Tierra Adentro
Ilustración realizada por Mildreth Reyes

Antes que nada me es necesario hacer una aclaración inicial: soy homosexual, crecí en un ambiente rural del norte de México a finales del siglo XX, hijo de jornaleros, estudié Historia en la universidad pública de mi estado (toda mi vida académica ha sido en instituciones públicas); opto por la enunciación en primera persona para señalar que soy yo quien afirma —y líbreseme de caer en tentación de una falaz objetiva voz pasiva—. Cierto es que las posturas y concepciones del mundo, aunque se corresponden con la historia personal no necesariamente siguen lineamientos lógicos, sin embargo esas posturas y concepciones del mundo son las que nos llevan a elegir ciertos temas o ciertos tratamientos a la hora de abordarlos. Estas aclaraciones las hago para señalar que mi postura política está cargada a la izquierda y que creo y lucho por la liberación de las poblaciones históricamente oprimidas y minorizadas; también para indicar que sé que esa postura me puede llevar hacia algunos sesgos —como cualquiera los tiene, sea su postura política—, a los cuales estoy atento y atenúo cuando aparecen.

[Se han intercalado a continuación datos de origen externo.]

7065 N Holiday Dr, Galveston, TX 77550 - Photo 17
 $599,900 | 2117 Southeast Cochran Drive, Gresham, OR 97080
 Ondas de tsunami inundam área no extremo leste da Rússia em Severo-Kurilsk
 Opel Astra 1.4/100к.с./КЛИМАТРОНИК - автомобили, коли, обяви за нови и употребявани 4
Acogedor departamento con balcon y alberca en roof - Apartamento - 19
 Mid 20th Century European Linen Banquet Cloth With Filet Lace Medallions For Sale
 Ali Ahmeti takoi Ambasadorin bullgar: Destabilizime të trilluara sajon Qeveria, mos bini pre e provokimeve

La imparcialidad (aun siendo deseable) es algo que no está al alcance de los seres humanos con inevitables antecedentes, necesidades, creencias y deseos. Es peligroso para un investigador imaginar tan siquiera que podría alcanzar la absoluta neutralidad, pues entonces se deja de ser vigilante sobre las preferencias personales y sus influencias; y entonces de verdad que se es víctima de los dictados del prejuicio.

Escribió Stephen Jay Gould (1941-2002) en la introducción de La falsa medida del hombre (2017), la primera obra que leí de él y que por mi formación y postura me llevó a ponderar su labor intelectual y a buscar el resto de su trabajo. En esa obra Gould desmantela la idea del determinismo biológico de la inteligencia y cómo el estudio de la inteligencia sirvió para justificar el racismo.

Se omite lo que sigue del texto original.